Thats a MINIMUM of 215 individual firearms. The arrows used were all metal tipped.

Here is what is said (p. 241) about the .45/55 carbine's failure to extract. The evidence is taken from cartridge cases picked up at the Custer site; the author also discusses the Reno site.

As to the former category of evidence [torn, pried or scratched cartridge cases], only 3 of the 88 (3.4 percent).45/55-caliber cartridge cases recovered from the Custer field exhibit pry or scratch marks; none displayed a ripped or severed cartridge-case rim. The cases with pry marks represent 3 of the 69 individual carbines (4.3 percent) discerned on the basis of firearm identification analysis. With a figure of 210 carbines in the Custer battalion, 4.3 percent would suggest that about 9 carbines used and the Custer battle could have experienced extraction problems.

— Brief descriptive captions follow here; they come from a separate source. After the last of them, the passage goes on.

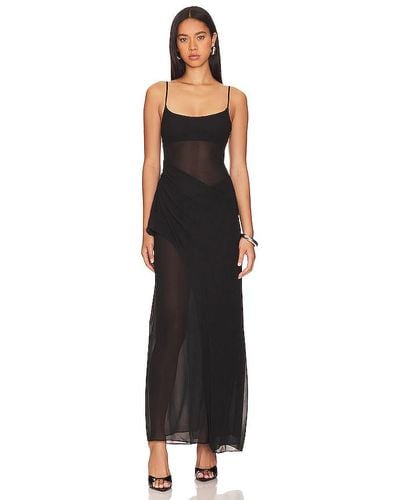 Nbd Selina Maxi Dress - Black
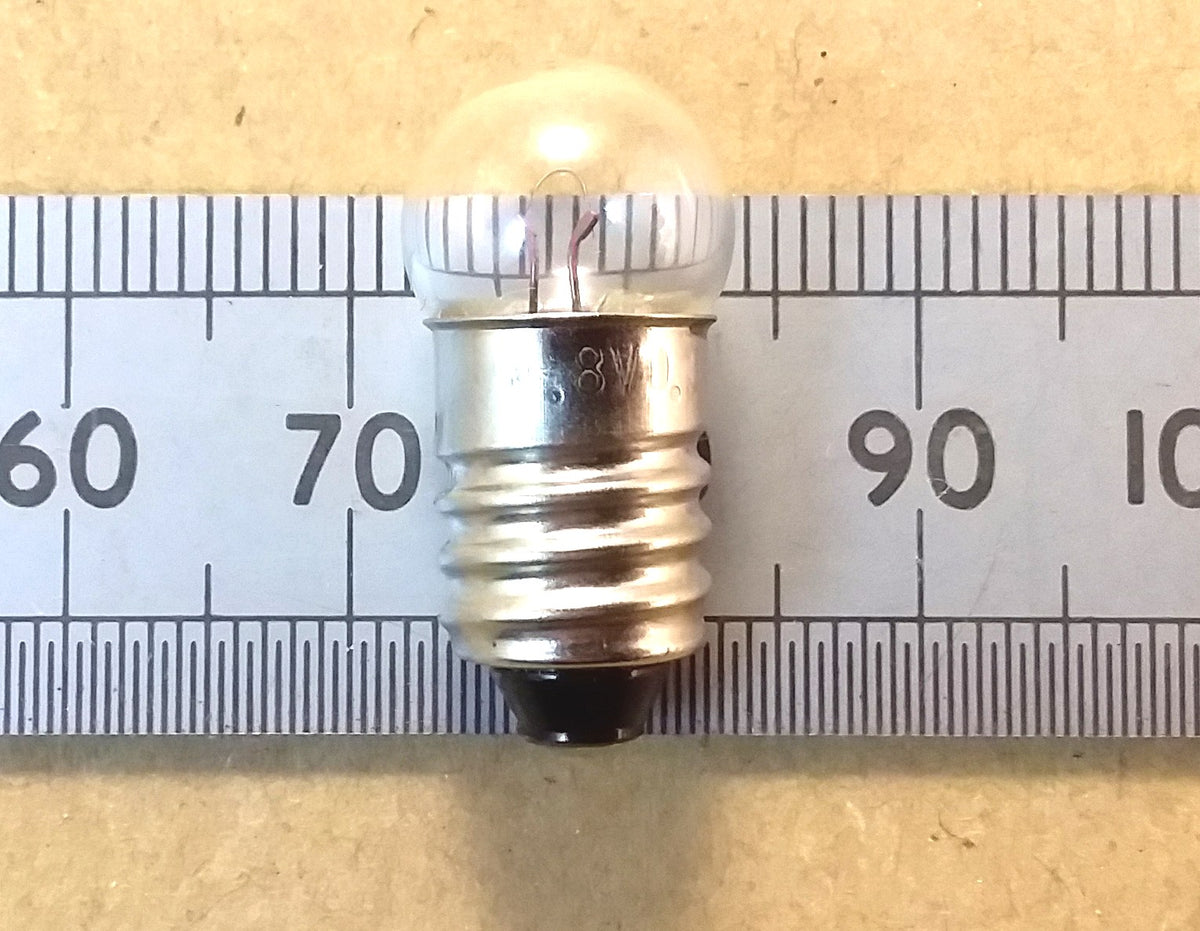 MES E10 Torch Light Bulb, Flashlight, Indicator Lamp Various Voltages and Currents
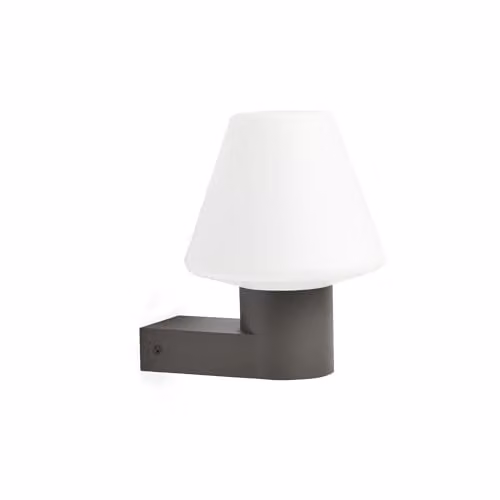 Netlighting Mistu Modern Outdoor Wall Lamp, Dark Grey, IP44, E27, W/D/H: 40 x 20 x 20 cm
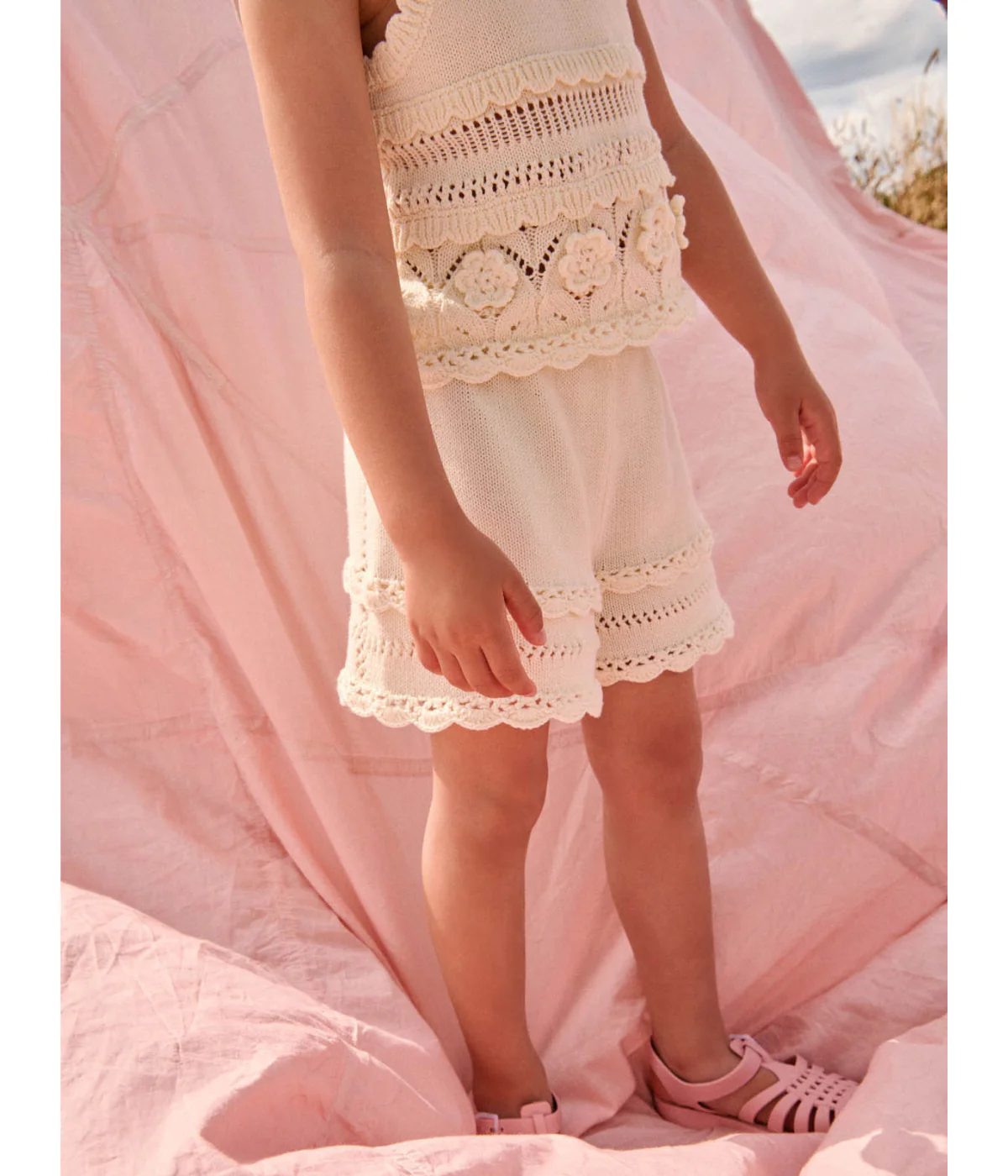 Top Maelyse Knitted Cotton - Cream - Image 4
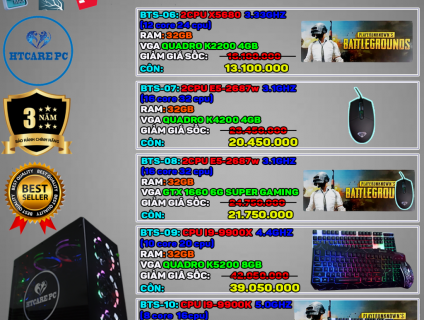 MÁY TÍNH GIẢ LẬP 2 CHIP INTEL XEON X5680 (12 CORE 24 THREADS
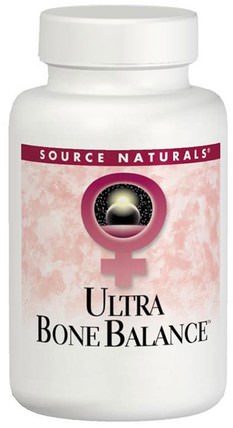 Ultra Bone Balance, 120 Tablets by Source Naturals, 健康，骨骼，骨質疏鬆症，女性 HK 香港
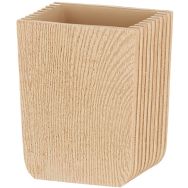 Gobelet porte brosse à dent kaiu aspect bois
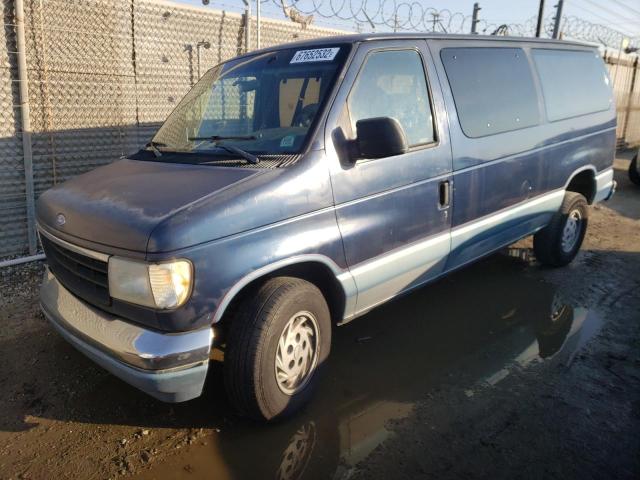 1FMEE11Y2NHA10244 - 1992 FORD ECONOLINE E150 BLUE photo 1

As for the assertion that the Henry rifle wasn't accurate beyond about 50 yards, I submit the following; you can read the entire thing http://www.rarewinchesters.com/articles/art_hen_04.shtml.

In showing the type of sights that were used and given the fact that most soldiers were average or less marksmen, it is doubtful if they could hit a target beyond 200 to 300 yards. An accomplished marksmen would hit with any gun including the Henry. When we look at the type of ammunition used in the Henry, it is doubtful that even an expert marksmen could hit targets regularly at long ranges of over 500 yards with a Henry.

Let's examine the type of ammunition that was used in the Henry. The Henry cartridge is a rim-fire round that uses a casing .875 inches long. The total length of the round is 1.345 inches. A 200 or 216 grain bullet of .446 diameter was loaded atop 26 to 28 grains of black powder. This round had a muzzle velocity of 1125 feet per second and muzzle energy of 568 foot pounds of energy.(8) According to these ballistics, most shooting experts will readily agree that this cartridge is hardly adequate for deer size animals and certainly no match for buffalo or grizzly bears. The .44 Henry's 200 grain bullet is a flat nose bullet, later a pointed nose was used, with a ballistic coefficient number of about .153. The coefficient number is the bullet's ability to overcome resistance in flight relative to the performance of a standard projectile used to compute ballistic tables. A number of .153 represents a bullet of very poor long range capabilities. The .44 Henry must have had a giant rainbow trajectory making hitting a target past 200 yards almost impossible for the average shooters.


The average soldier during the Plains Wars had, if he was lucky, three weeks training -- primarily in close order drill, guard mount, and other such "soldiering" techniques -- before being sent to his unit, where he was expected to pick up the necessary further instruction. Riflery was NOT emphasized until the Army Reforms of the 1880s -- and then the soldiers took to it with such enthusiasism that by the Spanish-American War in 1898 the American soldier are a very good shot indeed. (See Forty Miles A Day On Beans And Hay for an excellent discussion of these topics, among others.)

Custer may have taken the best of the Regiment with him, but their training most probably left quite a bit to be desired when they were faced with Gall, Crazy Horse, and the rest.